En el caso cristiano encontramos también, pues, una “clasificación” de las almas en función de sus actos en vida. A los lugares tradicionales de Paraíso e Infierno se añadió, en el siglo XIII, el concepto de Purgatorio, un lugar indefinido donde las almas “intermedias” (es decir, las que no eran ni malvadas ni virtuosas) “purgaban” sus pecados en espera de un acceso definitivo al cielo.
El caso del Purgatorio es curioso, puesto que su invención se debe, en cierta manera, a la evolución de la sociedad de la Baja Edad Media. Los siglos XII y XIII son los siglos del auge de las ciudades y el comercio y el despegue de la burguesía.

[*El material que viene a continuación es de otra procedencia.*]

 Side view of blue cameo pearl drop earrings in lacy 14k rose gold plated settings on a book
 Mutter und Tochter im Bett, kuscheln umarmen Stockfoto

El préstamo monetario ha dejado de ser “cosa de judíos”, y los banqueros cristianos empiezan a hacer negocio con los intereses. Dicho de otro modo, sacan beneficios del tiempo, puesto que, cuanto más tiempo pasa, más intereses deberá pagar el cliente a quien se ha prestado dinero. Es evidente, por tanto, el cambio de mentalidad: el tiempo ya no es patrimonio exclusivo de Dios, sino que pasa a pertenecer también al hombre. Es la época en que los cristianos pagan a la Iglesia para acortar años de Purgatorio a sus seres queridos. Dios ya no tiene la última palabra, pues, en el castigo eterno.
Las sagas vikingas y la última morada de los guerreros
La sociedad vikinga, en tanto que eminentemente guerrera, otorgaba especial importancia a la muerte en combate heroico. Los que habían caído de forma honrosa en el campo de batalla eran levantados por las Valquirias, hermosas mujeres que cabalgaban corceles alados y que los llevaban a Asgard, la morada de los dioses. Allí, en el “Salón de los Caídos” (el famoso Valhalla), estos guerreros disfrutaban de una vida de placeres para toda la eternidad, en compañía de Odín, el señor de los dioses.

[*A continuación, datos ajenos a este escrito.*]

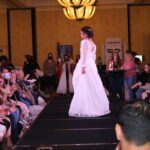 A woman is strutting down the runway in a captivating bridal gown at a glamorous bridal fashion show.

En la mitología vikinga sobre el más allá encontramos un concepto parecido al de la mitología azteca: el de “clasificar” a los muertos por su tipo de muerte más que por sus acciones, aunque, en el caso vikingo, estas también se tenían en consideración. Así, los fallecidos por muerte natural accedían a otro lugar, el Bilskimir, regentado en este caso por Thor, el señor del trueno. Eso sí, sólo se podía acceder si el finado poseía nobleza de corazón.

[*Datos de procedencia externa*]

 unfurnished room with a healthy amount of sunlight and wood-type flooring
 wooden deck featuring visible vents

Finalmente, existía un tercer lugar, Helheim, el territorio de Hela, la escalofriante diosa de la muerte, hija del perverso Loki. Era un lugar inhóspito y desolado, como el Tártaro griego, donde se pudrían las almas de los que habían sido auténticamente malvados. Helheim (raíz más que probable para la palabra inglesa hell, infierno), se hallaba en lo más profundo de Yggdrasil, el árbol cósmico, y, de forma parecida a lo que sucedía con Cerbero (el perro de tres cabezas que custodiaba el Hades), estaba protegido por Garm, un can monstruoso. Helheim era un lugar verdaderamente aterrador, pero, a diferencia del Tártaro griego (que recordemos estaba bañado por un río de fuego) y el infierno cristiano, el castigo vikingo estaba conformado por masas y masas de hielo y tormentas gélidas, lo que prueba, una vez más, que el concepto de ultratumba se adapta al entorno de la sociedad que lo crea.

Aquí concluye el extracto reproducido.